RACINE COUNTY — Local results in Tuesday’s Republican congressional primary almost exactly mirrored the results from across the district.
According to unofficial returns, House Speaker Paul Ryan received 85 percent of the vote (15,289 votes) in Racine County, with challenger Paul Nehlen picking up 15 percent (2,663 votes).
Across the 1st Congressional District, Ryan received 84 percent of the vote to Nehlen’s 16 percent, as he trounced the Delavan businessman who gained national notoriety in the days leading up the primary. The district encompasses all of Racine and Kenosha counties, almost all of Walworth County and portions of Rock, Waukesha and Milwaukee counties.
On the Democratic side, Ryan Solen of Mount Pleasant received 62 percent of the vote (3,690 votes) in his home county en route to winning the Democratic congressional primary over Tom Breu of Janesville. Breu picked up 38 percent (2,289 votes) in Racine County.
Solen received 59 percent of the vote districtwide. The Iraq War veteran and information security analyst faces the nine-term Ryan in the Nov. 8 general election.
In the primary for the 83rd Assembly District, which includes the village and town of Waterford, votes were fairly evenly split between three of the four candidates.
Muskego’s Chuck Wichgers, who won the primary, carried the county with 34 percent (528 votes). Waukesha County Supervisor Steve Whittow received 30 percent (460 votes) and Jordan Karweik, a Waterford Graded School Board member, received 29 percent in Racine County with 453 votes.
Town of Vernon Clerk Karen Schuh picked up 7 percent of the local vote (110 votes).
Wichgers is essentially assured of winning the seat, as there is no Democrat running in the general election.
In the little-watched Democratic U.S. Senate primary, former U.S. Sen.

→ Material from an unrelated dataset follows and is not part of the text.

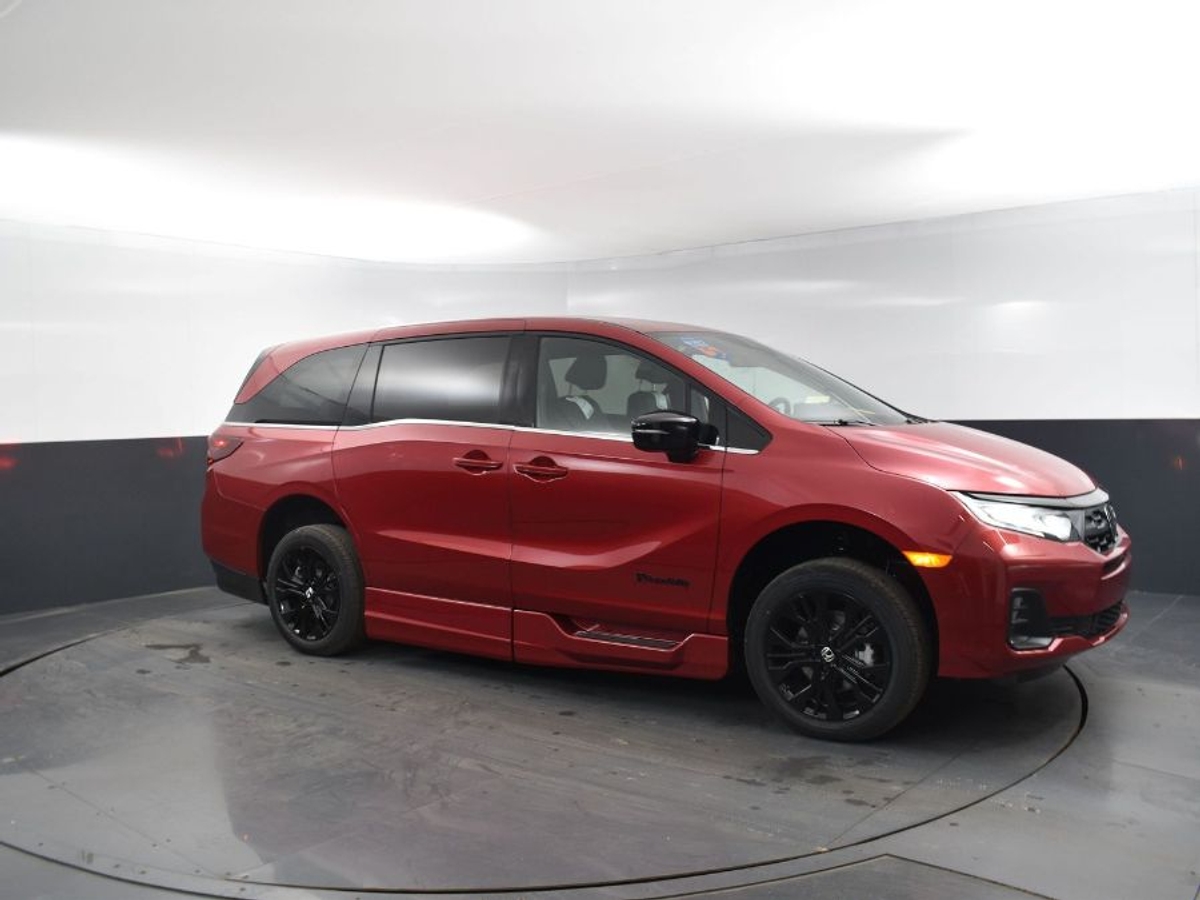 Red Honda Odyssey image number 16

Russ Feingold easily beat Kenosha’s Scott Harbach in Racine County and across the state. Feingold won 93 percent of the vote (6,909 votes) in the county compared to Harbach’s 7 percent (483 votes).
Voter turnout Tuesday in Racine County was 23 percent. Besides complaints of Nehlen supporters electioneering at the polls, few problems were reported, County Clerk Wendy Christensen said.
The county saw little to no confusion about voter identification laws, which were in effect Tuesday but have been in a near-constant state of flux since passage in 2011.
The electioneering complaints, meanwhile, were promptly addressed, Christensen said. Nehlen supporters were accused of campaigning too close to polling places in violation of state statutes, which prohibit electioneering on public property within 100 feet of entrances to polling places. Incidents were reported in Mount Pleasant and the Town of Norway, Christensen said.
Racine County election returns came in much faster than in the past. Final unofficial results were posted on the county’s website at 11:26 p.m., much earlier than the 2 a.m. finish in April.
Christensen said lower turnout played a big role — Tuesday’s turnout was much less than the 60 percent of registered voters who came to the polls in April. She also credited municipal clerks’ offices for working efficiently.
“We had results coming in at a fairly decent pace,” Christensen said. “I was really pleased.”